If you are in a position where you work closely with clients, you know that clear communication is the most important aspect of your interaction with each other. But no doubt, what you’ve also learned is that how you communicate works well with some clients, while the same efforts seem to not work with a few others.
What I’ve learned during web development is that some clients do not feel comfortable sharing candid opinions or feedback. For understandable reasons, some of them might worry that if they are too direct in their feedback, it can offend a member of your team (if not you directly) and worse yet, start an adversarial relationship.
To create an open environment between you and the client so they feel they can talk to you about anything related to the project, it’s important that you hone your skills on how to understand exactly what a client is trying to convey to you.

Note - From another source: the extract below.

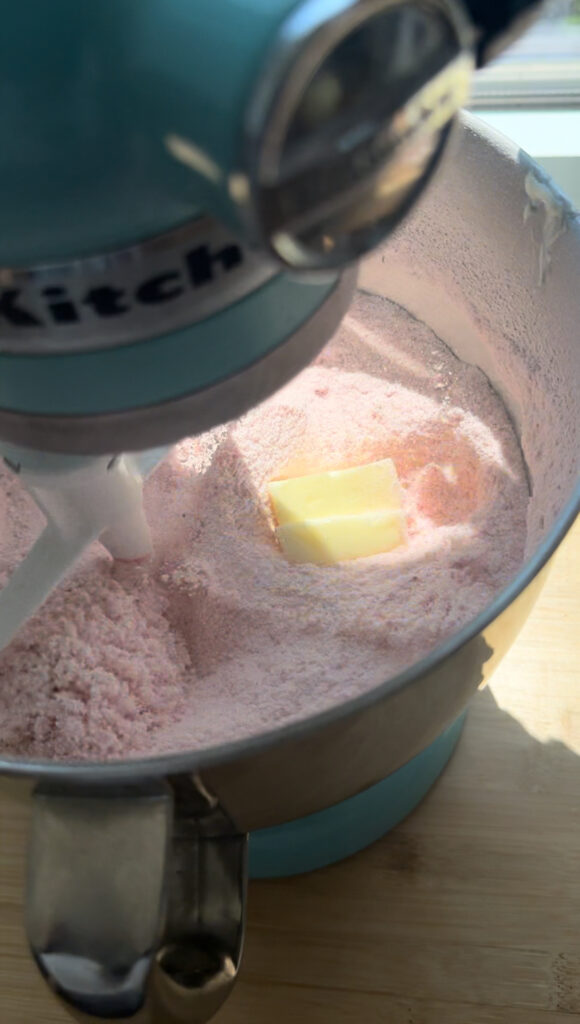 A mixing bowl with powdered sugar, freeze-dried strawberries and a pat of butter.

I’ve found that many communication breakdowns center around two popular break-up lines.
It’s Not You It’s Me (But is it Done Yet?)

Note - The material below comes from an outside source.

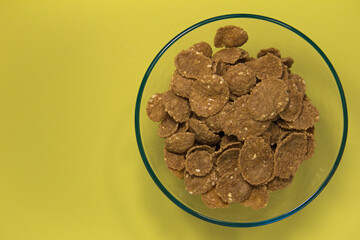 Flakes on a plate. On a yellow background. Place for text.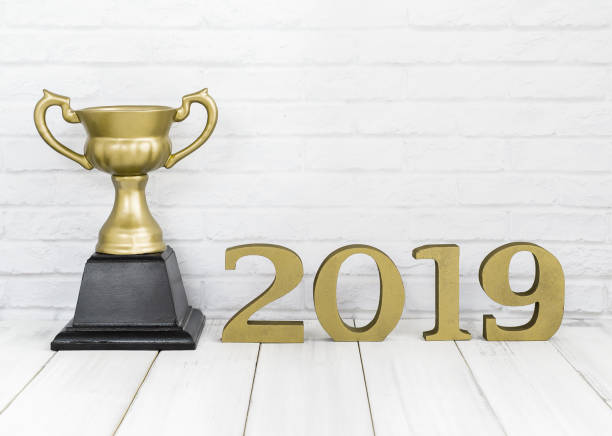 istock 2019 new year and golden trophy on white wood table over white background with copy space , winner or success concept 1063363206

Once a client has made a decision to move forward on a project, it’s important to them that it get done quickly. Unfortunately, something else that is not so uncommon is that the project initiation or completion is contingent on very specific information from your client, and you’ve yet to receive it. Inevitably you receive the apology email or phone call admitting the oversight, but concluding with the client politely opining that their oversight shouldn’t have held anything up.

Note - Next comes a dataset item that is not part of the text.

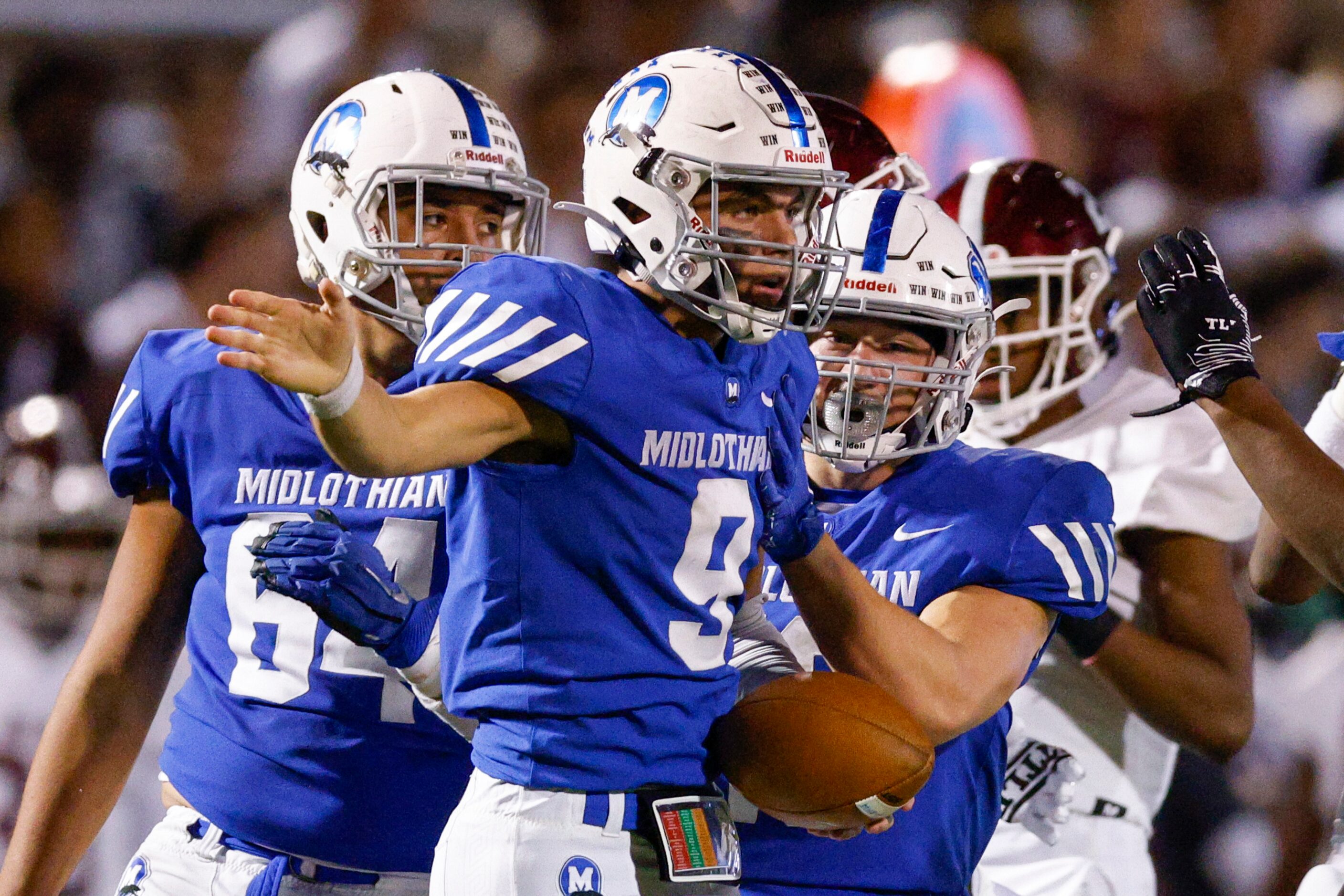 Midlothian quarterback Chad Ragle (9) signals a first down after a run during the second...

I have found the best way to avoid hearing this break-up line is to review the entire project with the client in a kick-off meeting (preferably over Starbucks drinks) outlining what you need from them, why, and when you need it. This helps empower them with information that helps them set realistic expectations.
I Need to Focus on My Career Right Now (But Seriously, is it Done Yet?)
Some of your clients may have very little time to engage effectively with you or your team due to their busy schedule so trying to set review meetings or discussions can be very challenging.
Being flexible and having processes or procedures already set-up to engage the client at very strategic points in the project are a big help. For example, if you can engage them almost entirely at the beginning of project, they can get back to work while you have everything you need to move forward. If you set-up your project steps in a certain order, you can easily stay engaged with clients through quick phone calls and emails so that their important feedback is received and the project moves forward without a hitch.
It’s important to remember that one of the most important aspects to building a healthy client relationship is making them feel comfortable enough to share their most honest and direct opinions. It may be challenging for you at times, but it’s always rewarding, and always an opportunity for growth.